◆ PROBLEM:
Below is a listing. Return the lines from the one that contains "Nissan LEAF Tekna" to the one that contains "Pikad varrukad kleit", both ends included, verbatim and with no pictures.

◆ DATA SHOWN:

================

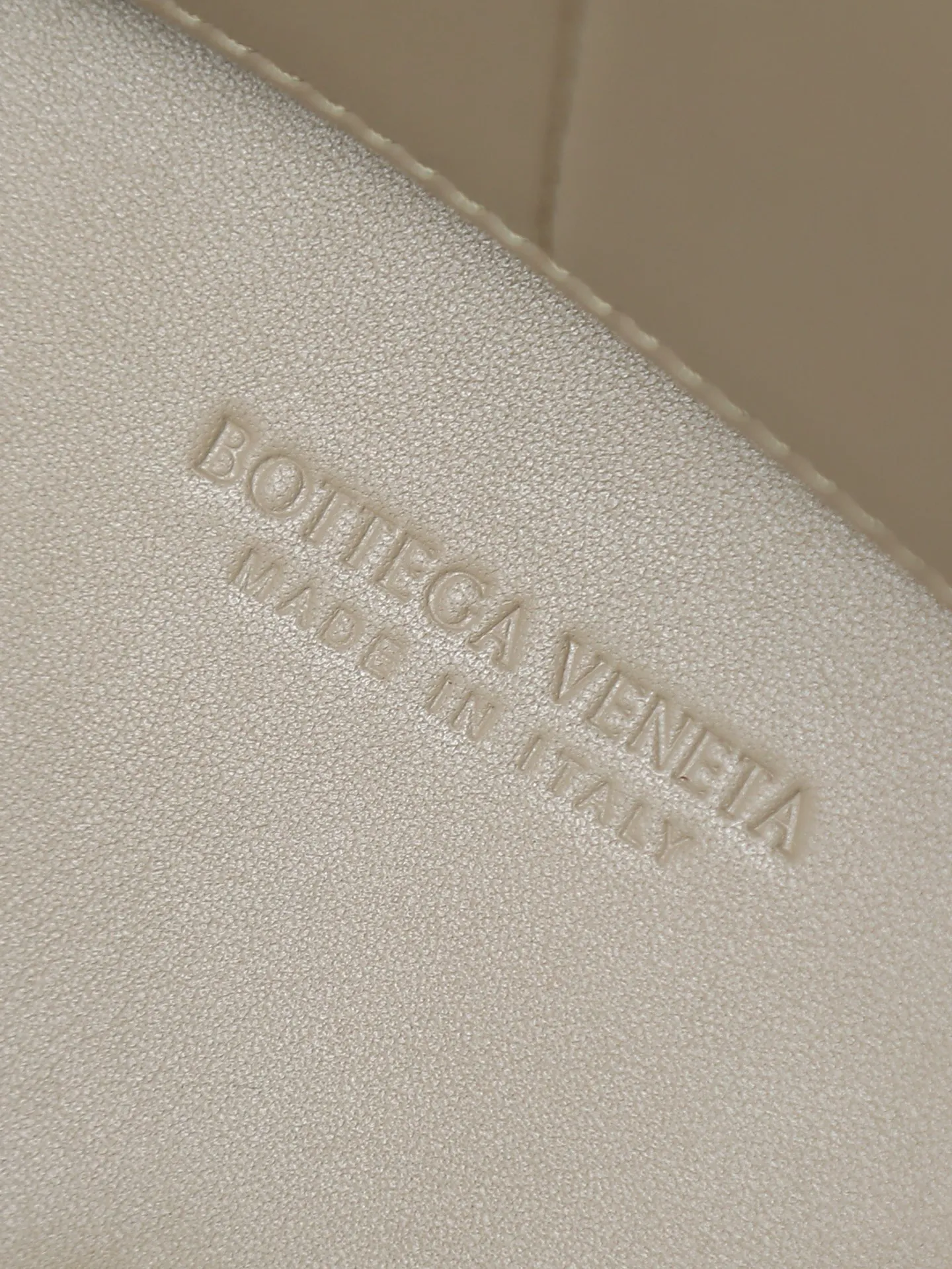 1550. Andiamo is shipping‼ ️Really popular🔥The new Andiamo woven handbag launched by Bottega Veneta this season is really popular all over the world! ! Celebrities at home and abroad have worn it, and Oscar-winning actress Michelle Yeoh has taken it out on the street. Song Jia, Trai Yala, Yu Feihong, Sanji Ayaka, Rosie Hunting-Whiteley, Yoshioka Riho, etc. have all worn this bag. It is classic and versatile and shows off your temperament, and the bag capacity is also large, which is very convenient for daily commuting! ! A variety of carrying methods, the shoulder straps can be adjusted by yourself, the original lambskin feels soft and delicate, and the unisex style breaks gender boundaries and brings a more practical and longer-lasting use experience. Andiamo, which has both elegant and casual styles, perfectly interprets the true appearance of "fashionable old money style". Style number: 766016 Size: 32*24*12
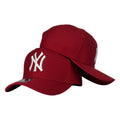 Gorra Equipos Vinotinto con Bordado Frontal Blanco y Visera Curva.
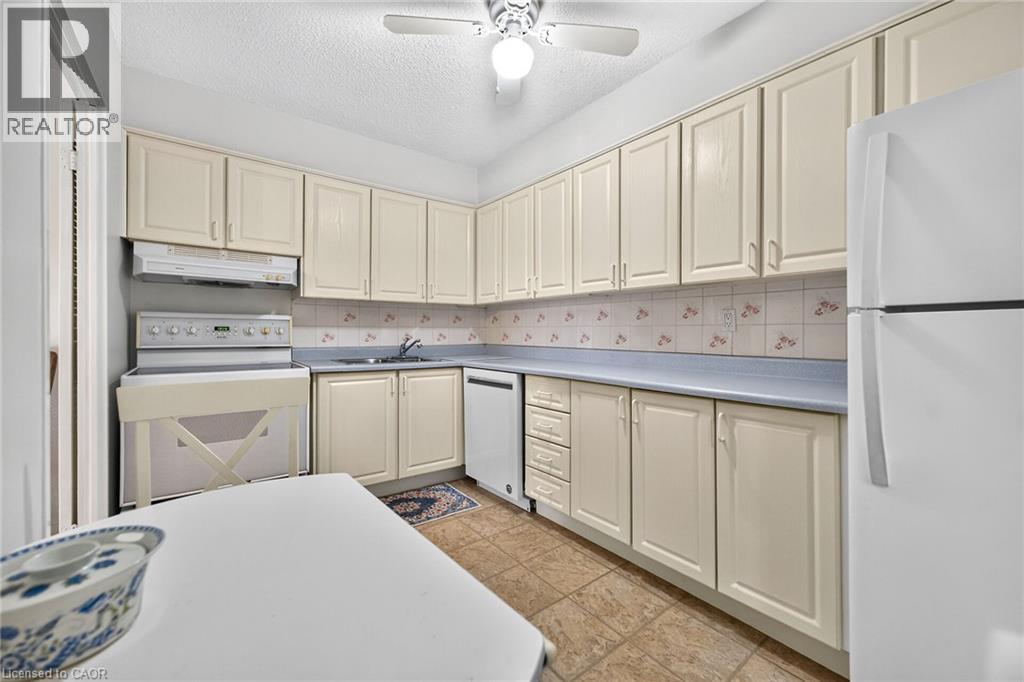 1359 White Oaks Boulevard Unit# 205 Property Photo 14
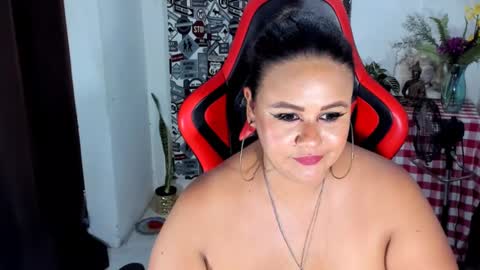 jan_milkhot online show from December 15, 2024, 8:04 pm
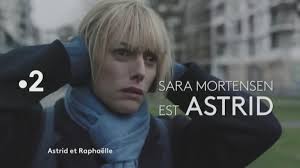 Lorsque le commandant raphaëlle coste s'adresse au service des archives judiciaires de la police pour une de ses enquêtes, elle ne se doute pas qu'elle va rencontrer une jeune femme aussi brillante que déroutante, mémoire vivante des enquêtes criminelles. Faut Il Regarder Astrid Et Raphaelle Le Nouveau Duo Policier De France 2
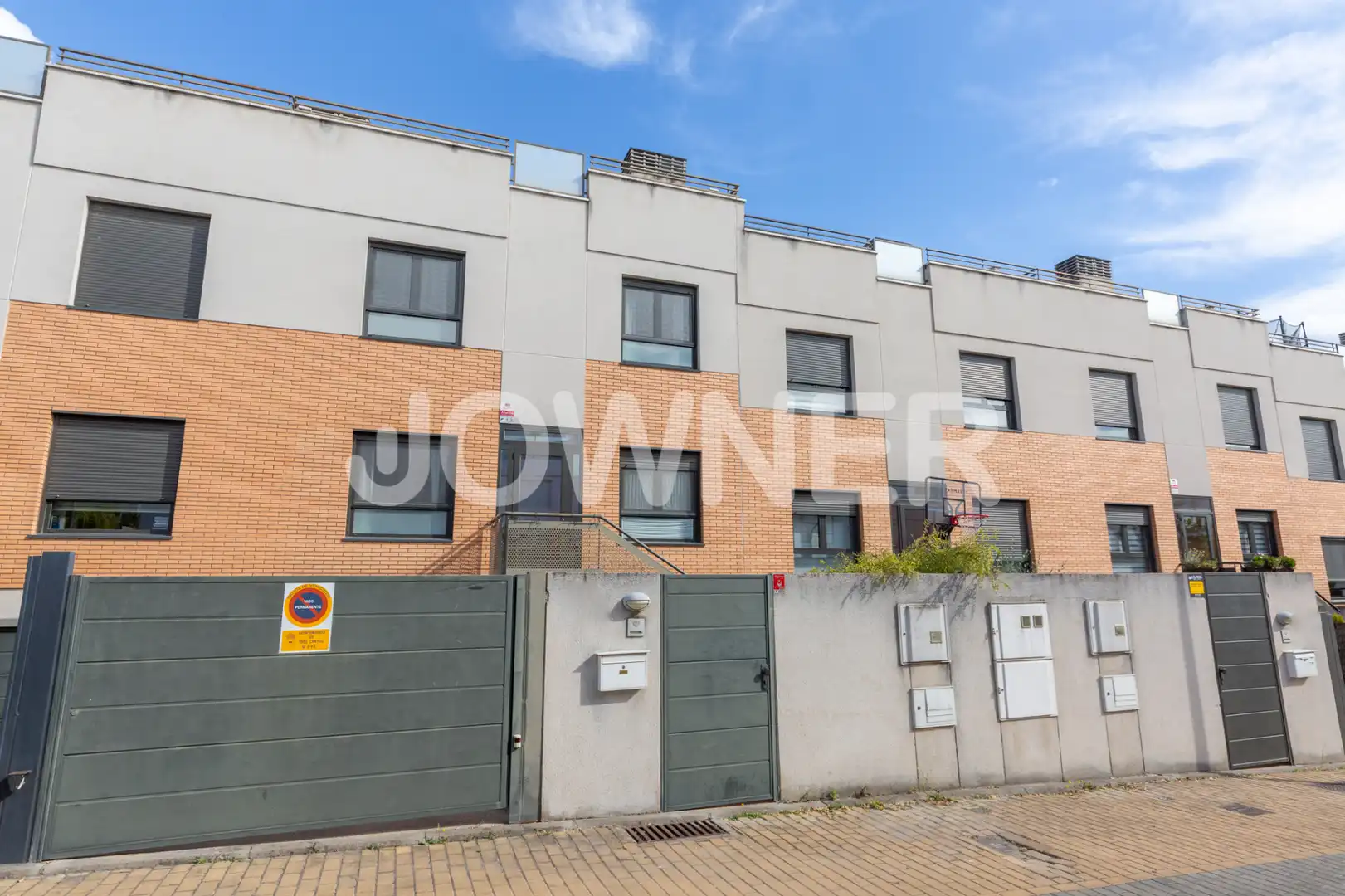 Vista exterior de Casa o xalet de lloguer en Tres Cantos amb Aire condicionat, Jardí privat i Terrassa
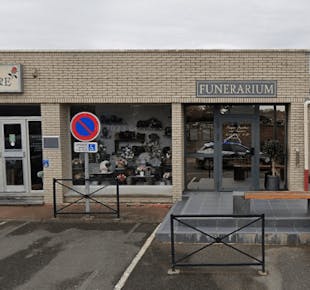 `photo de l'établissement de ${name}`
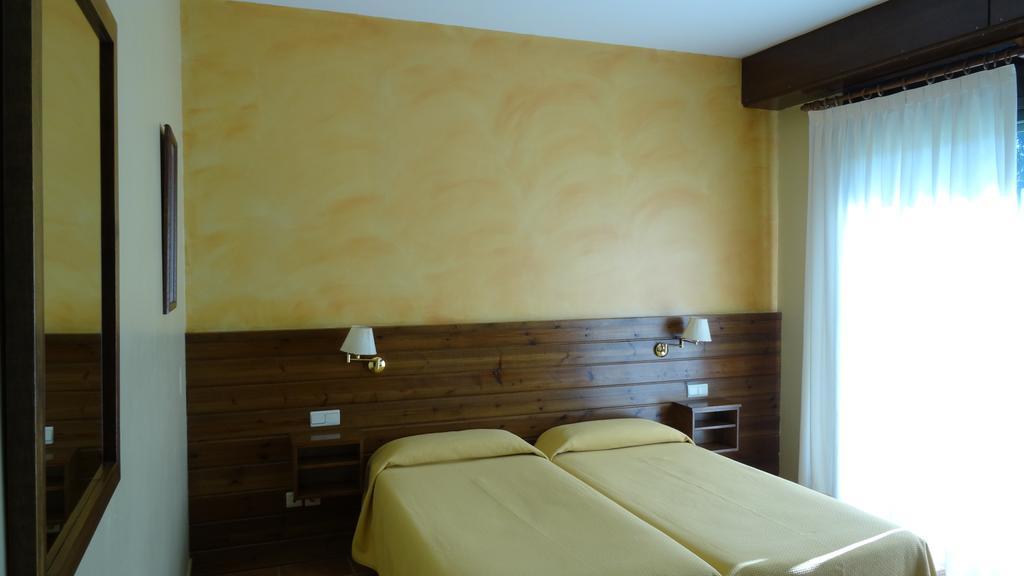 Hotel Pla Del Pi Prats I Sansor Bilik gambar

================

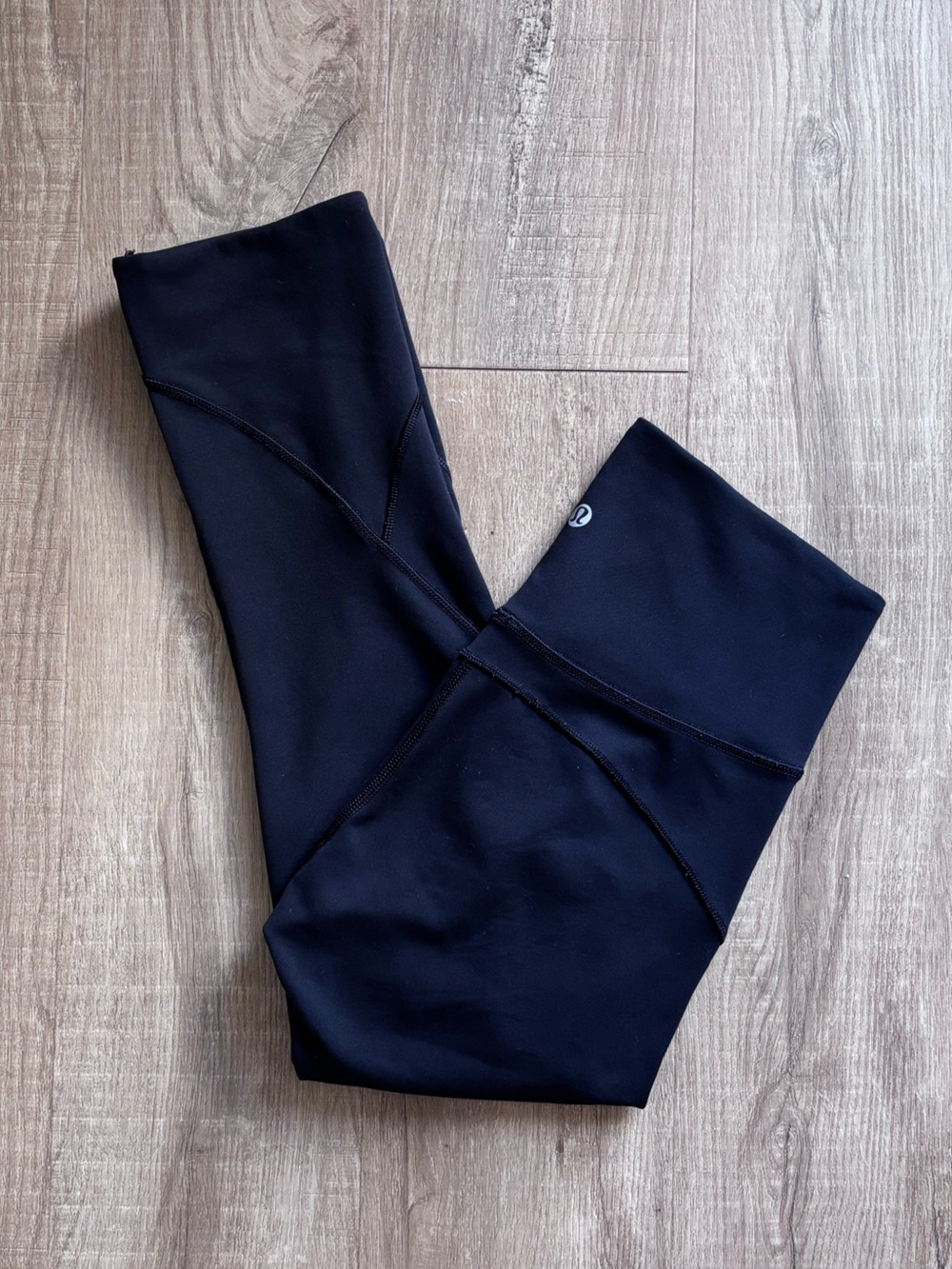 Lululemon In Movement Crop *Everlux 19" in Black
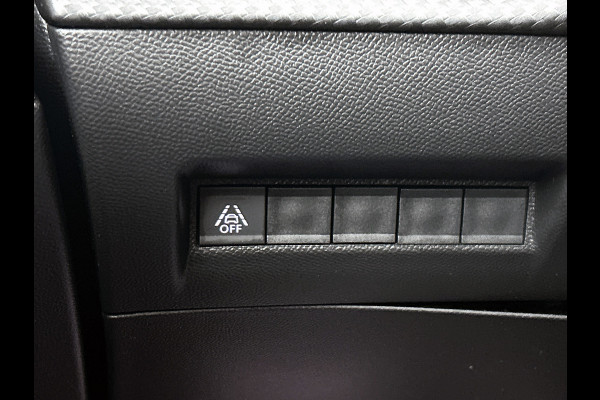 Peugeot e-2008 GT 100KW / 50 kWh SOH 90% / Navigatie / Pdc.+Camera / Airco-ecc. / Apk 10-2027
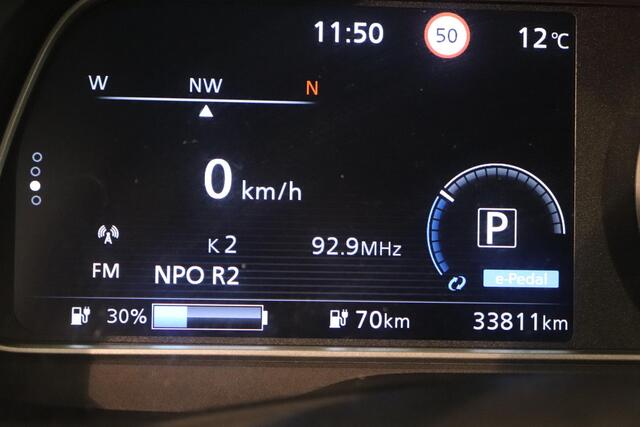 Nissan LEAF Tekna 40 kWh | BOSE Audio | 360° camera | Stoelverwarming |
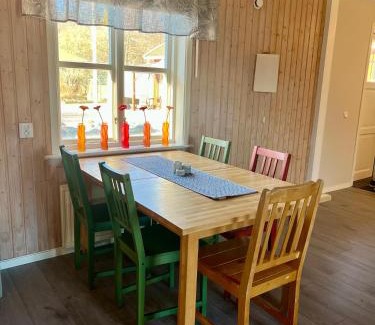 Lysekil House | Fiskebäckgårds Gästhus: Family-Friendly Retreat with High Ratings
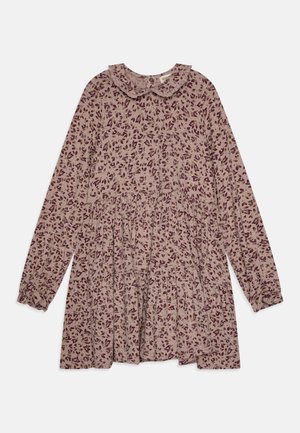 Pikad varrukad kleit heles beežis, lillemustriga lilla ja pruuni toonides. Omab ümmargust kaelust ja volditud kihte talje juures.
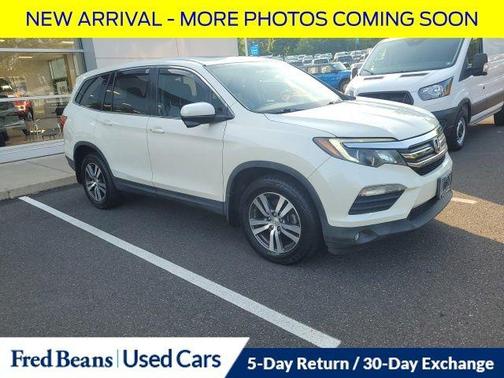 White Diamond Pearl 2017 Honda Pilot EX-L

================

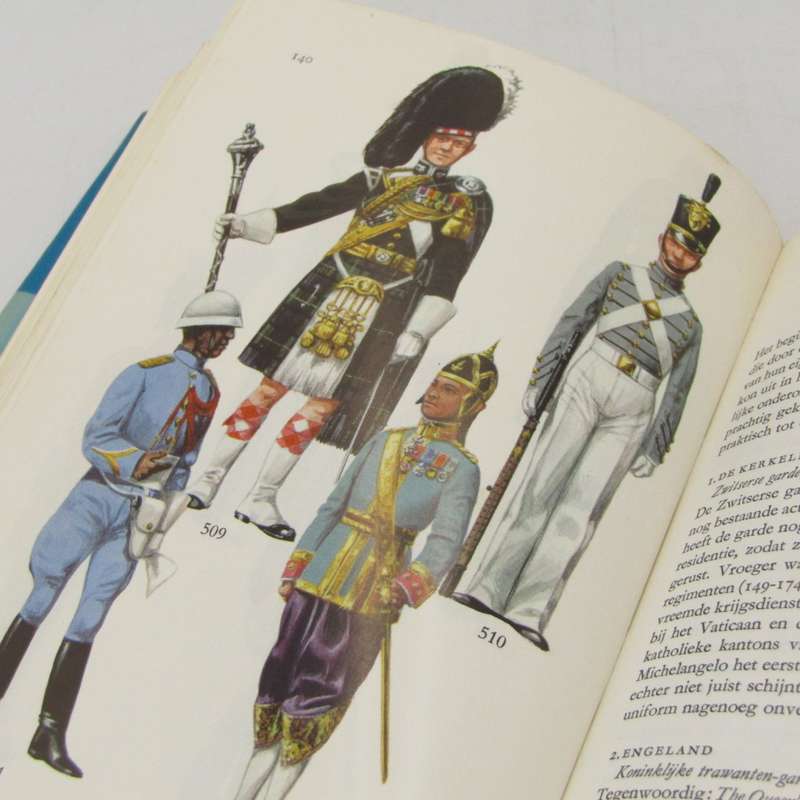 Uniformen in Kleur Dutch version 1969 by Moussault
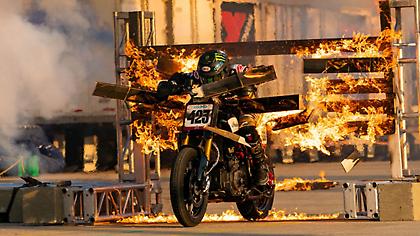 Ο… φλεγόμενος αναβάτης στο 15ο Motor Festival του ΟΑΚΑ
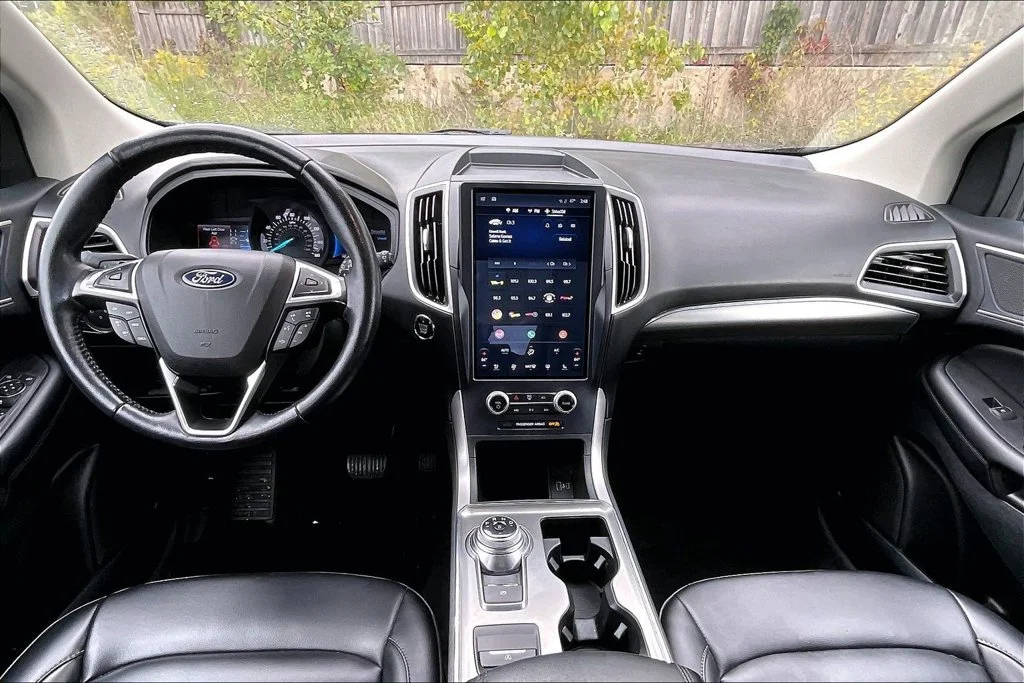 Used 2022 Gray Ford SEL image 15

================

◆ RESULT OF THIS EXERCISE:
 Nissan LEAF Tekna 40 kWh | BOSE Audio | 360° camera | Stoelverwarming |
 Lysekil House | Fiskebäckgårds Gästhus: Family-Friendly Retreat with High Ratings
 Pikad varrukad kleit heles beežis, lillemustriga lilla ja pruuni toonides. Omab ümmargust kaelust ja volditud kihte talje juures.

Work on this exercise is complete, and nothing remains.